Students work on homework during an after-school program in Chico, the largest city in Butte County. (File photo)
Credit: Julie Leopo / EdSource
At 14, Charlotte Peery dropped out of high school.
“I was one of those silent sufferers,” Peery said. “I was battling with addiction, and once I finally decided I couldn’t go to school anymore, there wasn’t anyone around to say, ‘Well, let’s see what we can do’.”
It took another four years for Peery, raised in rural Tehama County, to return to school and enroll in an alternative education program. There, she met a counselor who provided the academic guidance and mental health counseling she needed to graduate from high school. Peery has since started earning her bachelor’s degree in social work and has become one of Tehama County schools’ first certified wellness coaches.
“When I had the opportunity to apply to be a wellness coach — it was everything I’ve always wanted to do — to provide the kind of support that I lacked when I needed it most,” Peery said.

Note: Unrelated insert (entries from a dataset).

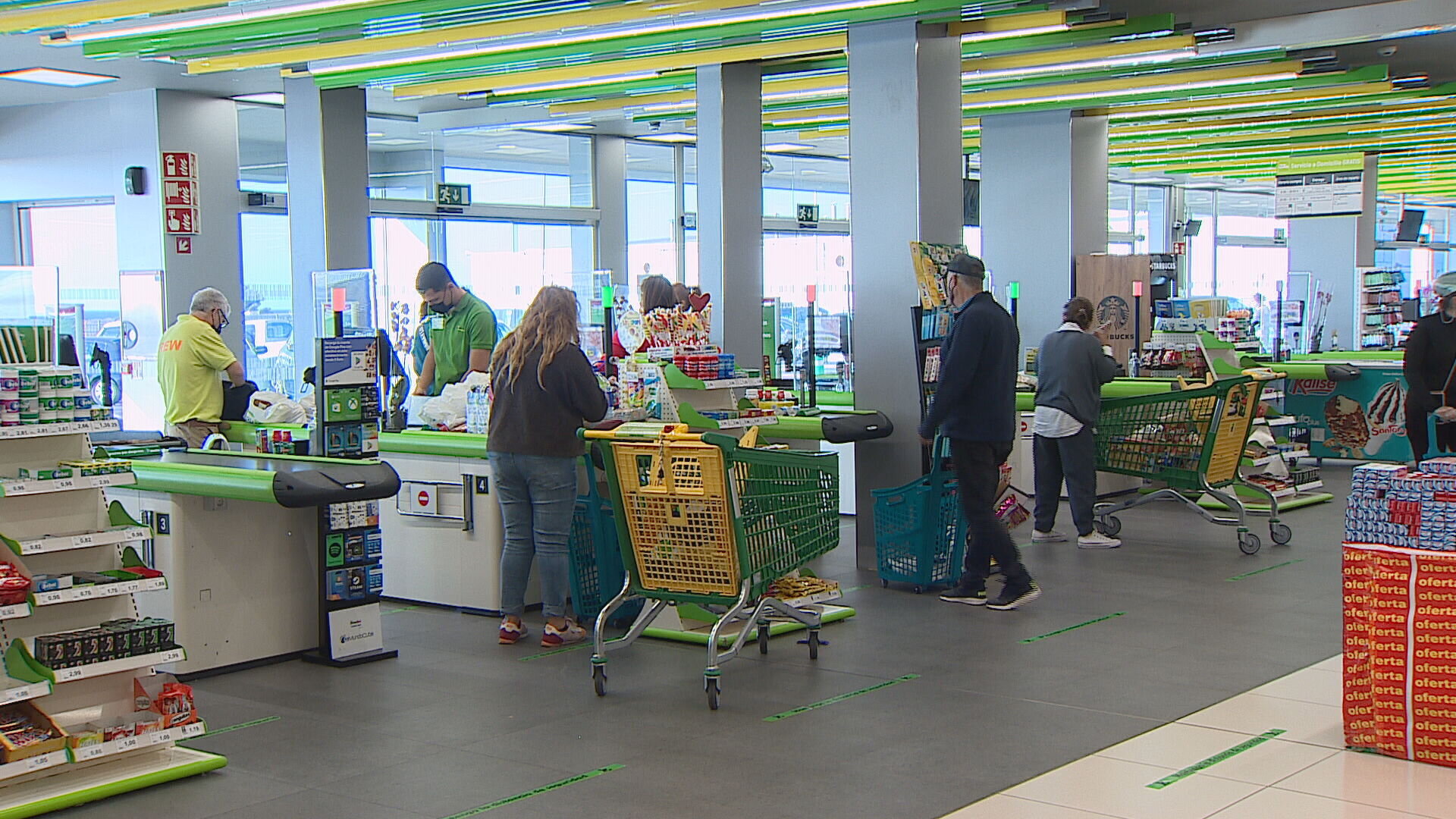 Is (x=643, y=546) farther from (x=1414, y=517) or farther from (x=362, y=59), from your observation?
(x=362, y=59)

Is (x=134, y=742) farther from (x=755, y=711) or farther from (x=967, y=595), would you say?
(x=967, y=595)

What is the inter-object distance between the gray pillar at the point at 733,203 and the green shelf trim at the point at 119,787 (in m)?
6.06

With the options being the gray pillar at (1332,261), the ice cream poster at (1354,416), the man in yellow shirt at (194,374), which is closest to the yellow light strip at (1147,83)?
the ice cream poster at (1354,416)

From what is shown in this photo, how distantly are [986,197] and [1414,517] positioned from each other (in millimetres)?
9285

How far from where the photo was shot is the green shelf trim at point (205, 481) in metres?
5.58

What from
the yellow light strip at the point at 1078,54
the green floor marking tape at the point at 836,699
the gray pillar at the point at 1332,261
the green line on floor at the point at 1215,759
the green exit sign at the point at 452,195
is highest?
the yellow light strip at the point at 1078,54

As an entry-level wellness coach, Peery provides students with nonclinical support such as quick check-ins, screenings, referrals to specialists, structured mental health curriculum and outreach to their families.
Peery’s role is part of the state’s $4.6 billion Children and Youth Behavioral Health Initiative, for which the Department of Health Care Access and Information received $278 million to recruit, train and certify a diverse slate of mental health support personnel, known as certified wellness coaches, for schools and community-based organizations. Since February 2024, the department has hired over 2,000 certified wellness coaches.
“The wellness coach program helped define what coping skills and home-to-school services I could focus on,” said Jacque Thomas, who serves as a certified wellness coach II and is able to provide more in-depth services to students, such as individual 30-minute sessions focused on coping skills, goal-setting and life skills.
According to a 2021 study, 45% of California youth between the ages of 12 and 17 reported having struggled recently with mental health issues. The overall suicide rate in Tehama and neighboring counties is more than twice the state average, and according to a 2017-2019 survey, more than a third of 11th graders in Tehama County reported feelings of depression.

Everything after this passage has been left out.